• [Required action]: Below are the entries; give again exactly the lines from the one mentioning "Itel P40 64 GB Blue" through the one mentioning "İkili Çiçekli Kız", inclusive.

• [Dataset records]:
+ + +
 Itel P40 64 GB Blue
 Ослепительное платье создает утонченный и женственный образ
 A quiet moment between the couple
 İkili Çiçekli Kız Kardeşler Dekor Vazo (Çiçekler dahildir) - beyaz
+ + +
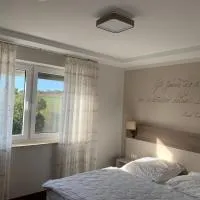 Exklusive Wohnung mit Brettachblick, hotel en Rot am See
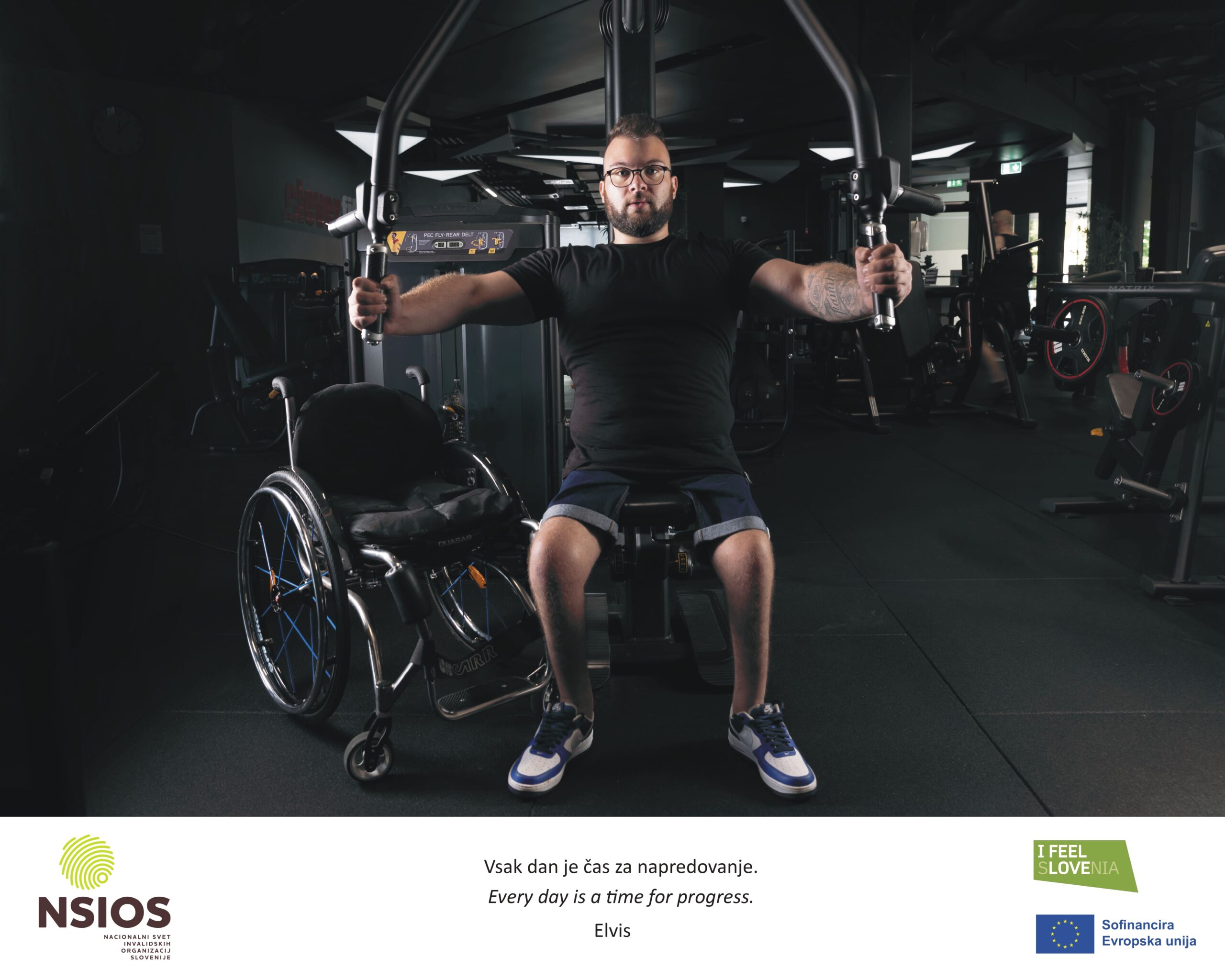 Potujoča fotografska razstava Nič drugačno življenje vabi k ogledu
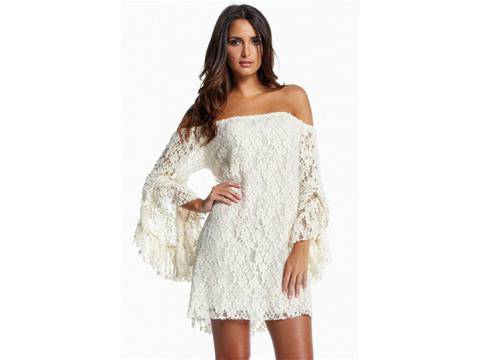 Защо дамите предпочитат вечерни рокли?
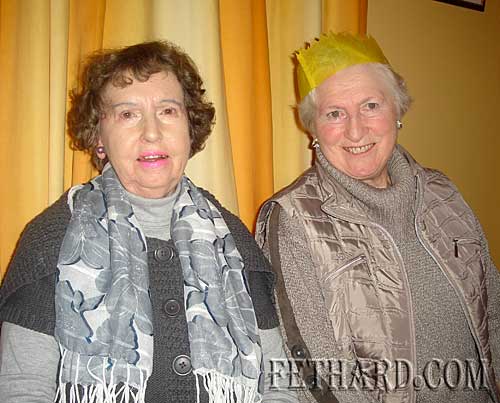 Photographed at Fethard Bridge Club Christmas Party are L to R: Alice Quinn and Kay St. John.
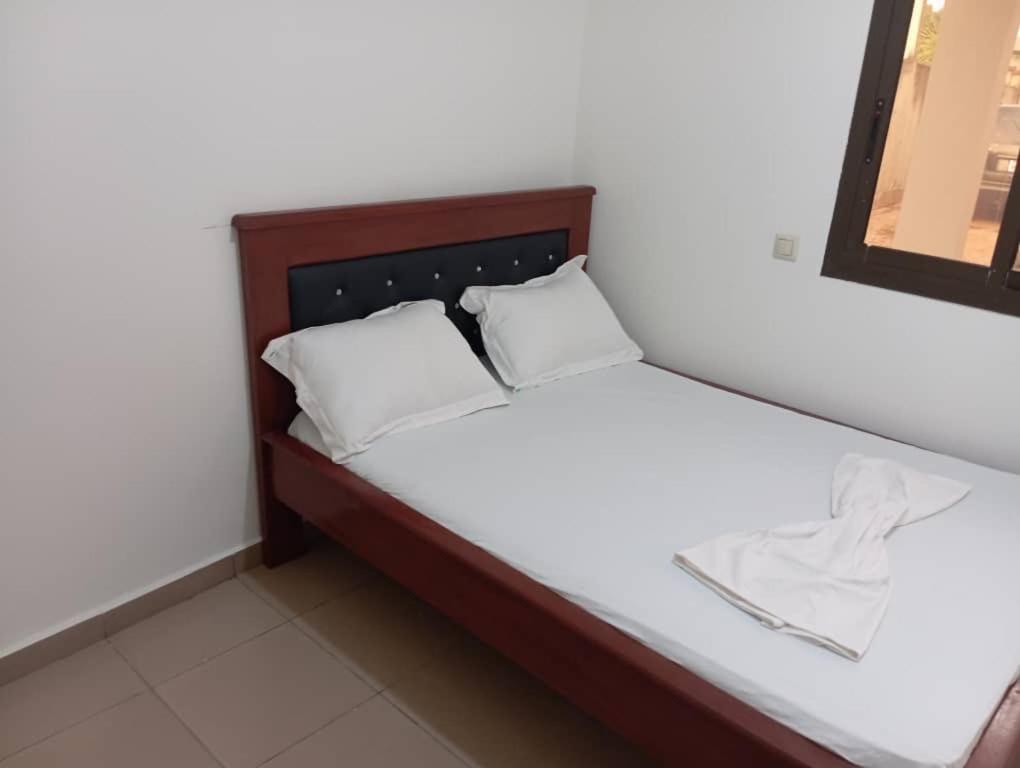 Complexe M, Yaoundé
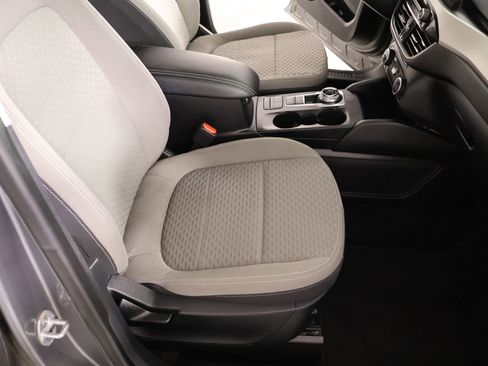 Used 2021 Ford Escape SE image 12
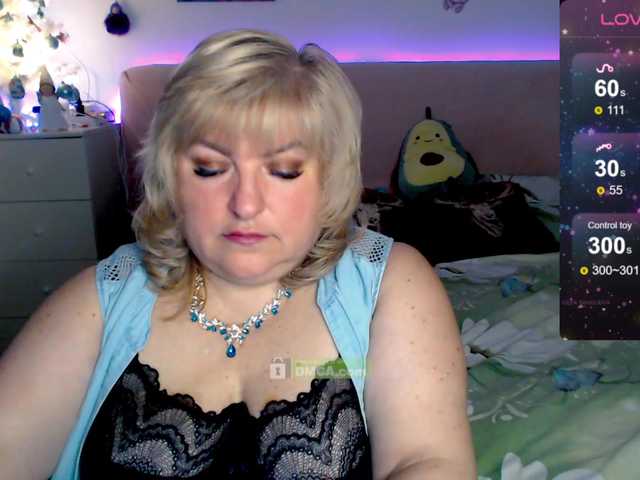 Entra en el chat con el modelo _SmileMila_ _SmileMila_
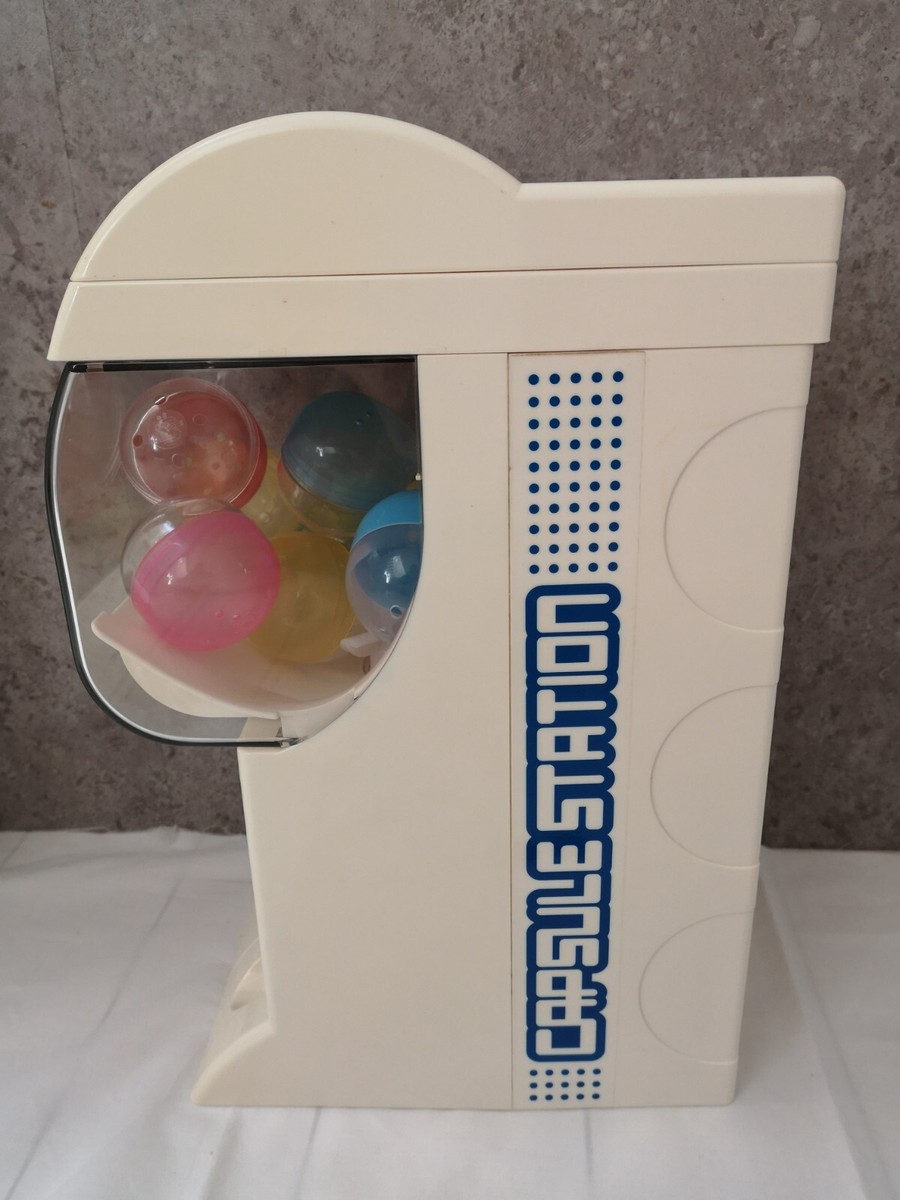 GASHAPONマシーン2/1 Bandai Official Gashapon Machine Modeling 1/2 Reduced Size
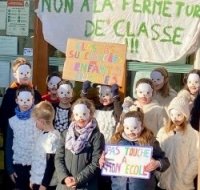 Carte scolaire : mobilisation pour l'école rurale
+ + +
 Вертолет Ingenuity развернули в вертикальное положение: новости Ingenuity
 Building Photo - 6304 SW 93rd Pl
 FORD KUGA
+ + +
• [Exercise answer]:
 Itel P40 64 GB Blue
 Ослепительное платье создает утонченный и женственный образ
 A quiet moment between the couple
 İkili Çiçekli Kız Kardeşler Dekor Vazo (Çiçekler dahildir) - beyaz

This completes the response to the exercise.